Cher oncle, nos discussions sur la tradition fang, sur la profession de prêtre exercée par un fang me reviennent à la mémoire et me poussent à dire que Prêtre, tu t’étais condamné à assumer ton engagement religieux ; en gérant la chair et l’esprit, le corps et le sang de Jésus, le Possédé et l’Acquis. 

J’ai assisté à certaines de tes célébrations. J’en conclue aujourd’hui que c’est lorsque, de soutane vêtu, tu officiais à l’autel pour la célébration de l’eucharistie, droit tel une plante d’hysope, que tu étais vraiment  prêtre et christ totalement transfiguré en serviteur des Dieux. Sitôt ton soutane tombée, tu redevenais un citoyen qui avait des obligations sociales et humaines, et des droits en matière de justice, de liberté et de vérité ; exigeant pour les hommes et les femmes de ton temps des conditions  de vie collective convenables; en particulier pour ceux qui sont dans la douleur. Heureux les serviteurs de Dieu qui, face à la misère du peuple, ressentent de la douleur et dénoncent  l’oppression des pouvoirs autocratiques ; heureux et dignes sont-ils en réclamant la justice et le bonheur pour la multitude en sachant, par avance, qu’au bout se trouve la mort.

Lors de l’une de tes célébrations, tu parlais dans une homélie, avec ironie, de l’épisode du peuple d’Israël qui avait été esclave pendant 40 ans en Egypte, et qui, sous la conduite de Moise sortit de cet esclavage.
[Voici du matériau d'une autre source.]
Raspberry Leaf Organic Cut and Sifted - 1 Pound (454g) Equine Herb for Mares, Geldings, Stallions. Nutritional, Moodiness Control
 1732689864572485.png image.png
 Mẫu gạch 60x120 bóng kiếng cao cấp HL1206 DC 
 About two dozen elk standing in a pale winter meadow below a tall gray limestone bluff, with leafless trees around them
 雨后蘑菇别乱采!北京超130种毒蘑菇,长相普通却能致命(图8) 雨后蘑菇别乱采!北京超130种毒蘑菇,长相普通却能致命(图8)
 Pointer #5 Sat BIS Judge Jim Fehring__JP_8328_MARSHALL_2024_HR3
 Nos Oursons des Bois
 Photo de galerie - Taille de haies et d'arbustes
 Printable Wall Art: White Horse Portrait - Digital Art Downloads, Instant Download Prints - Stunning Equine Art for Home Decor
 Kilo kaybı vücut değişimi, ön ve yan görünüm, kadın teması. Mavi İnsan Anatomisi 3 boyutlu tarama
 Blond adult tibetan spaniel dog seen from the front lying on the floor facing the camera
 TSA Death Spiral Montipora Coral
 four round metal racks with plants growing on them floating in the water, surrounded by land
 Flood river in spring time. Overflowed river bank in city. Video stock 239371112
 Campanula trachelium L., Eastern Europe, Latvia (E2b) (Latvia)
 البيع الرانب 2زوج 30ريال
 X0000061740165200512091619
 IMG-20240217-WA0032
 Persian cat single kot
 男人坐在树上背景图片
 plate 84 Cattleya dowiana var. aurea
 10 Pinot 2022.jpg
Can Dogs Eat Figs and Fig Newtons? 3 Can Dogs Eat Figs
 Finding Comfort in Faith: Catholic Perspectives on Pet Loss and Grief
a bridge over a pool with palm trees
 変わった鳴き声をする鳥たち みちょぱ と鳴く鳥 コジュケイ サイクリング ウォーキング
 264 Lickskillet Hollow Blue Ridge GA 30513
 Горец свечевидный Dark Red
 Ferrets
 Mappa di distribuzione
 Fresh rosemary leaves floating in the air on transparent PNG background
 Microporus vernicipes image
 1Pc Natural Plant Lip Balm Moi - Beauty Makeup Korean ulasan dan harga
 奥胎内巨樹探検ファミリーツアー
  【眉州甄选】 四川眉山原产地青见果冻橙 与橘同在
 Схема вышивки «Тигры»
Arrivé dans le désert, il eût faim et s’en prît violemment à Moïse. Israël reprochait à Moïse de l’avoir sorti du pays où il recevait une portion de nourriture, ration quotidienne, malgré les souffrances et les humiliations de leurs geôliers. Par ce qu’il avait faim, disais-tu, le « Peuple mis à part par Dieu » oublia subitement la rudesse de ses conditions de détention en Egypte, et y retourna en pensée, en souvenir …Oui, la faim ramenait le peuple de Dieu en prison. Ainsi va l’humanité. 

Oncle ! C’est par amour, respect, admiration et reconnaissance pour toi que j’ai décidé d’écrire ces lignes pour ne pas te laisser partir sans mots dire.

Ta mort a démontré que l’église catholique a perdu la pratique d’enterrer les prêtres à proximité de la paroisse où ils ont servi des années durant. L’église de Nzeng Ayong et toutes ses structures annexes sont ton œuvre. De ton vivant, tu avais clairement exprimé à tes parents et à tes confrères de l’église ta volonté d’y être enterré. Nombreux gabonais et gabonaises, civils et religieux peuvent en témoigner ; l’Archevêque y compris. La décision de t’inhumer à Saint-Jean a surpris plus d’un observateur ; moi aussi. Qu’est ce que ça aurait été juste et bon de te poster dans l’enceinte de « l’Eglise de l’Abbé Noël Ngwa de Nzeng-Ayong ». Cette décision est perçue comme une injustice qui déshérite  et déshonore   un « prélat »  qui a tout mis en œuvre pour donner aux Êtres pieux un lieu de rassemblement. Elle m’a fait écrire quelque part que : « La haine, fidèle compagne de l’Amour, portée par tes confrères et les tiers, t’a suivi jusqu’au tombeau…. » 

Mon Oncle, désormais tu es pour l’éternité en compagnie des nôtres, avec pour proches voisins, les autres adeptes amis du Christ….Et tu nous attends.